Similarly, each product is aggregated into a service, which can be called by any other service, once again with the ESB handling all the intricacies. In this way, a new market product can be built by selecting the best of existing products without worrying about how the different systems will interact.
"Once this architecture is adopted the services can be exposed over any channel that is appropriate, offering truly multichannel banking." adds Shaw. "With an ESB, services can be made available over any medium the organisation chooses, through the Internet, a branch office, mobile phone or an IVR solution."
On the bus to retail integration
Moving away from financial services, the business of retail is to deliver the right product in the right quantity to the right place at the right time and at the right price. To accomplish this is a challenging task involving making the correct distribution decisions in terms of getting stock into stores, as well as the appropriate supply chain decisions to synchronise the perceived needs of customers with suppliers.
Because different goods have different priorities in various areas, retail head offices can not rely on their traditional enterprise applications to reliably link every node in their and their suppliers` distributed organisations. An ESB enables retailers to gain inventory and supply-chain process visibility from the point-of-sale (POS) to the head office, and even through the supply-chain to the manufacturer, ensuring stocks of critical products are always monitored and under control - without affecting the company`s existing application infrastructure. Indeed, with the advent of RFID, an ESB infrastructure becomes even more essential to be able to harvest RFID events and turn them into meaningful business information on which to base business decisions.
"Again, this visibility is securely achievable over any channel of communications the organisation chooses, with a series of reusable services exposed via the ESB," Shaw says. "Think of the benefits if a retailer could locate an out-of-stock product for a customer while they are in the store. Better yet, what if it could offer to ship it to their home the next business day? In doing this the store is reusing the ESB services that the retailer`s headquarters is using to locate inventory or to ship product in their mail order operation, it has just exposed the service in a different way. This is how an ESB can deliver business value to retailers."
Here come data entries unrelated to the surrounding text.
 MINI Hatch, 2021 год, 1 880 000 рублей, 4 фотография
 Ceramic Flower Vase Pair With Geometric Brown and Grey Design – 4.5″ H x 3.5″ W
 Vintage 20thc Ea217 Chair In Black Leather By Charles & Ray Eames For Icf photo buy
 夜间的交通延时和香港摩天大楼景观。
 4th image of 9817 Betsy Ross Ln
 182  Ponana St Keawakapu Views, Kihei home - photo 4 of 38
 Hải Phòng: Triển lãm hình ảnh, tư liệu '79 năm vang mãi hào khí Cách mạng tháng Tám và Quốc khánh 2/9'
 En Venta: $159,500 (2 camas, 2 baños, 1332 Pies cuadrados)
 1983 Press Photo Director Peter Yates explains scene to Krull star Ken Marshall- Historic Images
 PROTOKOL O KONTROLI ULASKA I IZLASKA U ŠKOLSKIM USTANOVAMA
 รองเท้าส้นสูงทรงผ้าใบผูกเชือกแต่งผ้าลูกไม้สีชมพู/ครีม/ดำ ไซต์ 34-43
An ESB-based SOA infrastructure provides a cost-effective way to integrate disparate, distributed systems in an organisation, and even those of business partners should it be necessary. They support the dynamic nature of business today, facilitating the agile integration and reintegration of services across multiple channels as quickly as the market demands. Most importantly, the ESB reduces the need for complex, hard-wired coding and allows organisations to provide the necessary quality of service, enabling IT to be more responsive to the business.